-- AIM OF THE EXERCISE --
The records that follow are to be repeated exactly, in full.

Source records
★ ★ ★ ★

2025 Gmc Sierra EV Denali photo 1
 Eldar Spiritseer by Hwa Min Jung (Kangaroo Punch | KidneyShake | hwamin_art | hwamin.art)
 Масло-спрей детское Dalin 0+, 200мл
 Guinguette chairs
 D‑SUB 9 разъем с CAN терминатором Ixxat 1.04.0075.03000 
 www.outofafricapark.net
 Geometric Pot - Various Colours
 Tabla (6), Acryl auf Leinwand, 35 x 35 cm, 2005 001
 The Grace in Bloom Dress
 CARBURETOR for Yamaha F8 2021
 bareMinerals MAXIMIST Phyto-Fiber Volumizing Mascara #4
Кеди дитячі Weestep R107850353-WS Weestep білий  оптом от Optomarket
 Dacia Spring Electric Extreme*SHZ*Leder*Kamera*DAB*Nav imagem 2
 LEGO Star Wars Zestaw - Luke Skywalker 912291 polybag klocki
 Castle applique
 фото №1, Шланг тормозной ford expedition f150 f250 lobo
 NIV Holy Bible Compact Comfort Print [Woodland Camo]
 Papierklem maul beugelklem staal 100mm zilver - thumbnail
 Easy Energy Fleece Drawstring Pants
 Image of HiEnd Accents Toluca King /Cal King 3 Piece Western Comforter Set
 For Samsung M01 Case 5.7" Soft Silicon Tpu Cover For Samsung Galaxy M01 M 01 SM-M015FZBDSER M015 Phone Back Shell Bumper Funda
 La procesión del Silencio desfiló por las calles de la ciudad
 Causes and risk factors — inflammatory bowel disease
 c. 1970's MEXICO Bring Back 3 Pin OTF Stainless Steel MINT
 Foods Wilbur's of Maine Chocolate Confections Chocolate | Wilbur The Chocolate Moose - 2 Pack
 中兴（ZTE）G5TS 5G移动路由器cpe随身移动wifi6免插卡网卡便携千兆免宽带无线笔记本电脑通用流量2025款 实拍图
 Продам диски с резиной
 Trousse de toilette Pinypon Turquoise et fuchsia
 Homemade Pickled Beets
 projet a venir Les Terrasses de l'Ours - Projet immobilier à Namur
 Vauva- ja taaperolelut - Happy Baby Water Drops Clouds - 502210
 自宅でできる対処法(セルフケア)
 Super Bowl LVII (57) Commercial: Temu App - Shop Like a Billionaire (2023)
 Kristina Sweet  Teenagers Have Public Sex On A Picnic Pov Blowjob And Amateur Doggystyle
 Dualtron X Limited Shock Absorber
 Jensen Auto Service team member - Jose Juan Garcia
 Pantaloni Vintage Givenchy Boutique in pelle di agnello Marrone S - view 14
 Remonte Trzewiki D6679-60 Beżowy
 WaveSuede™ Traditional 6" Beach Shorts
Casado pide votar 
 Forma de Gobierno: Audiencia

★ ★ ★ ★

-- TASK RESPONSE --
2025 Gmc Sierra EV Denali photo 1
 Eldar Spiritseer by Hwa Min Jung (Kangaroo Punch | KidneyShake | hwamin_art | hwamin.art)
 Масло-спрей детское Dalin 0+, 200мл
 Guinguette chairs
 D‑SUB 9 разъем с CAN терминатором Ixxat 1.04.0075.03000 
 www.outofafricapark.net
 Geometric Pot - Various Colours
 Tabla (6), Acryl auf Leinwand, 35 x 35 cm, 2005 001
 The Grace in Bloom Dress
 CARBURETOR for Yamaha F8 2021
 bareMinerals MAXIMIST Phyto-Fiber Volumizing Mascara #4
Кеди дитячі Weestep R107850353-WS Weestep білий  оптом от Optomarket
 Dacia Spring Electric Extreme*SHZ*Leder*Kamera*DAB*Nav imagem 2
 LEGO Star Wars Zestaw - Luke Skywalker 912291 polybag klocki
 Castle applique
 фото №1, Шланг тормозной ford expedition f150 f250 lobo
 NIV Holy Bible Compact Comfort Print [Woodland Camo]
 Papierklem maul beugelklem staal 100mm zilver - thumbnail
 Easy Energy Fleece Drawstring Pants
 Image of HiEnd Accents Toluca King /Cal King 3 Piece Western Comforter Set
 For Samsung M01 Case 5.7" Soft Silicon Tpu Cover For Samsung Galaxy M01 M 01 SM-M015FZBDSER M015 Phone Back Shell Bumper Funda
 La procesión del Silencio desfiló por las calles de la ciudad
 Causes and risk factors — inflammatory bowel disease
 c. 1970's MEXICO Bring Back 3 Pin OTF Stainless Steel MINT
 Foods Wilbur's of Maine Chocolate Confections Chocolate | Wilbur The Chocolate Moose - 2 Pack
 中兴（ZTE）G5TS 5G移动路由器cpe随身移动wifi6免插卡网卡便携千兆免宽带无线笔记本电脑通用流量2025款 实拍图
 Продам диски с резиной
 Trousse de toilette Pinypon Turquoise et fuchsia
 Homemade Pickled Beets
 projet a venir Les Terrasses de l'Ours - Projet immobilier à Namur
 Vauva- ja taaperolelut - Happy Baby Water Drops Clouds - 502210
 自宅でできる対処法(セルフケア)
 Super Bowl LVII (57) Commercial: Temu App - Shop Like a Billionaire (2023)
 Kristina Sweet  Teenagers Have Public Sex On A Picnic Pov Blowjob And Amateur Doggystyle
 Dualtron X Limited Shock Absorber
 Jensen Auto Service team member - Jose Juan Garcia
 Pantaloni Vintage Givenchy Boutique in pelle di agnello Marrone S - view 14
 Remonte Trzewiki D6679-60 Beżowy
 WaveSuede™ Traditional 6" Beach Shorts
Casado pide votar 
 Forma de Gobierno: Audiencia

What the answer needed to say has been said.